Time: 4:00PM – 6:00PM; 7:30PM – 9:00PM
Location: Willow Creek Inlet, and Meadow Point
Steamboat Lake 06/07/2018 Photo Album
Jane determined that we only had one window of time in June when we could camp together, and that was June 6 through June 8, so we made the drive to Steamboat Lake State Park on Wednesday afternoon, after I returned from a doctor’s appointment, and she came home from a tennis match. We gambled that campsites would be available during weekdays in early June, and our assumption proved to be correct, when we snagged site number 178 on Bridge Island.
On Thursday morning we completed one of our favorite mountain bike rides, Willow Creek Trail.

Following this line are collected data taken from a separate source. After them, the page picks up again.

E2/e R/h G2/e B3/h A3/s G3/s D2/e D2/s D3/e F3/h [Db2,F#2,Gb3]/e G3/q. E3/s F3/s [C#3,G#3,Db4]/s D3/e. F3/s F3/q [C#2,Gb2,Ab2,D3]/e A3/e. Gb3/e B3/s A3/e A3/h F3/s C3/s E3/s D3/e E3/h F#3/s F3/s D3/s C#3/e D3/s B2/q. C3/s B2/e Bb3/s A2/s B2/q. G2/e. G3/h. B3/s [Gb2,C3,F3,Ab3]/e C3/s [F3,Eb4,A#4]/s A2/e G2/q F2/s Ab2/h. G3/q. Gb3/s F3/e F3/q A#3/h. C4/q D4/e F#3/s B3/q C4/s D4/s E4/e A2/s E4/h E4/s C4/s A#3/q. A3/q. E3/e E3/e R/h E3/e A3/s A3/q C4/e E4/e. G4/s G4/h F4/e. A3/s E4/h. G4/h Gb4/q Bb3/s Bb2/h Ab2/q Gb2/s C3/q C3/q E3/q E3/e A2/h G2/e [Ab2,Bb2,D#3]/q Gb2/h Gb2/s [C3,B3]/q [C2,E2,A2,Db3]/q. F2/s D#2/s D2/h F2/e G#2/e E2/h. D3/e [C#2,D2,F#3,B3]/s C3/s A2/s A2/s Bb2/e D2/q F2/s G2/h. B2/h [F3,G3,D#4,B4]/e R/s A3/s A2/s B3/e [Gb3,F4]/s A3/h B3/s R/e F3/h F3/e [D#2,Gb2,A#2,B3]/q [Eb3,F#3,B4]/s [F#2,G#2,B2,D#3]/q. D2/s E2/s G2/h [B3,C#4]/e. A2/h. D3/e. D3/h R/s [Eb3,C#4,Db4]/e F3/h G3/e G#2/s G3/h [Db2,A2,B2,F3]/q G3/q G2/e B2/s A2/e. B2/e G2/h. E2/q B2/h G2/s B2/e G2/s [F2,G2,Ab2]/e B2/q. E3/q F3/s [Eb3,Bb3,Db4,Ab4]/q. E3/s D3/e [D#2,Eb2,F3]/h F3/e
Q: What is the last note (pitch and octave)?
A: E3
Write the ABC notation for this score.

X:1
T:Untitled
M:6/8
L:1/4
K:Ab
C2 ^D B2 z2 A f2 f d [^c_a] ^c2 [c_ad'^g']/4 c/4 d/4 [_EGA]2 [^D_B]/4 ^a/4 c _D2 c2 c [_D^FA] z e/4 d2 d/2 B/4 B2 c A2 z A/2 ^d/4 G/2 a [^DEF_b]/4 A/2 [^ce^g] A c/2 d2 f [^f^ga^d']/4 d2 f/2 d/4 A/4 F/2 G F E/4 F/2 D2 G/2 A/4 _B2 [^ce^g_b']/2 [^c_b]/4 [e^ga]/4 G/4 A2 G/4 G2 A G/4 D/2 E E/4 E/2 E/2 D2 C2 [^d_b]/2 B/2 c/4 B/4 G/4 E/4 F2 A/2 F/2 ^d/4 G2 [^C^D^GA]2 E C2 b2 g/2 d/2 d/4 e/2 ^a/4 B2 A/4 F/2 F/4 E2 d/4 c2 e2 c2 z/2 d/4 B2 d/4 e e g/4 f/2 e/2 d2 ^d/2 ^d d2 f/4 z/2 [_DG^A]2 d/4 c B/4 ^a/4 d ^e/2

The wide single track skirts the eastern edge of Steamboat Lake and passes the visitor center. We elected to turn left off the Willow Creek Trail onto another spur, that led us beyond the Poverty Bar; the remains of an early placer mining operation. After the ride we returned to our campsite and munched our lunches and then traveled a few miles up the highway to Hahns Lake, where we completed an out and back trek on the Hahns Lake Trail. Cycling and hiking were apparently not enough exercise, so we once again drove a short distance to Pearl Lake State Park, and here we hiked the Pearl Lake Trail for a half hour and then returned via the same route. The trail skirted the southern shore of Pearl Lake for .6 mile, before it veered through a wooded valley and then ascended a ridge requiring a continuous climb.
Once again we returned to our campsite, and I departed on my first fly fishing venture of the trip. I read that fishing in Steamboat Lake is best after ice off, and the hot spots are located at creek inlets, so I targeted the point where Willow Creek flowed into Steamboat Lake in Placer Cove on the northeast side of the lake. Thursday was an eighty degree day, so I elected to wade wet and drove to a small parking lot in Sunrise Vista Campground. From the parking area I connected with the Willow Creek Trail, and then I descended a short sagebrush covered bank, until I was along the edge of the lake. I circled along the marshy shoreline, until I reached the inlet of Willow Creek.
The lake mouth of the stream was quite wide; however, it quickly narrowed into a smooth slow moving trough. I waded along the western edge through some soft muck, until the channel was twenty-five feet wide, and here I began my stillwater fishing adventure. I tied a slumpbuster to my line and then added a beadhead hares ear nymph as a trailer, and I began fanning casts toward the opposite bank followed by a series of intermittent strips. After I executed three across and upstream casts, I made three or four strides toward the lake and repeated. After three or four of these cycles I felt a bump and made another strip, before I felt the throb of a live weight on my line. At first I suspected a large vibrating branch, but then the recipient of my strip set streaked back toward the inlet. I held tight and endured several additional escape attempts, before I slid my net beneath a bright rainbow trout. The thirteen inch net occupant was quite chunky, and it displayed a very white-silver body with only a faint pink stripe.
This small success heightened my optimism, and I continued the spray and strip sequence, until I was actually within the body of the lake and beyond the mouth of the creek inlet. I wish I could report additional success, but my only action occurred when I connected with some sort of immovable object twice, and these incidents resulted in the loss of two slumpbusters and an ultra zug bug and a hares ear nymph.
By 5:45 the wind escalated to an outrageous gale, and this blew two float tubers and myself off the lake. The wave action kicked up sediments, and casting became a challenging and dangerous endeavor with the conehead slumpbuster whizzing by my ear. I called it quits and returned to the campsite for dinner.
After dinner and clean up Jane agreed to accompany me to Meadow Point. I fished at Meadow Point in 2017, and I recalled an abundant quantity of rising fish in the last hour before dark. 2018 was no different, and by 8PM the residents of the cove in front of me began to slash the surface in pursuit of some abundant food source. During our entire stay at Steamboat Lake, I observed swarms of large size 16 midges with a dark peacock body, and I assumed these insects were the target of the cove dwellers.
I knotted a size 16 olive brown caddis to my line and exercised my arm shooting out sixty foot casts, but the active feeders ignored my offerings. I tried twitching and stripping and added a midge emerger in the form of a salad spinner, but I failed to match the favorite meal of the trout in front of me. It also seemed that the trout were wise to my efforts, as they invariably rose five or ten feet beyond my best distance casts. In addition it seemed as if the trout were cruising in a wide arc, as I directed casts to the scene of a recent riseform, only to discover the next surface ring appeared twenty feet farther to the left.
I continued my futile efforts until 9PM when the lighting dimmed, the rising fish diminished, and the air chilled beyond my comfort level. The surface exploded with fish in the last fifteen minutes of light, but I was simply a spectator to the natural buffet at Meadow Point.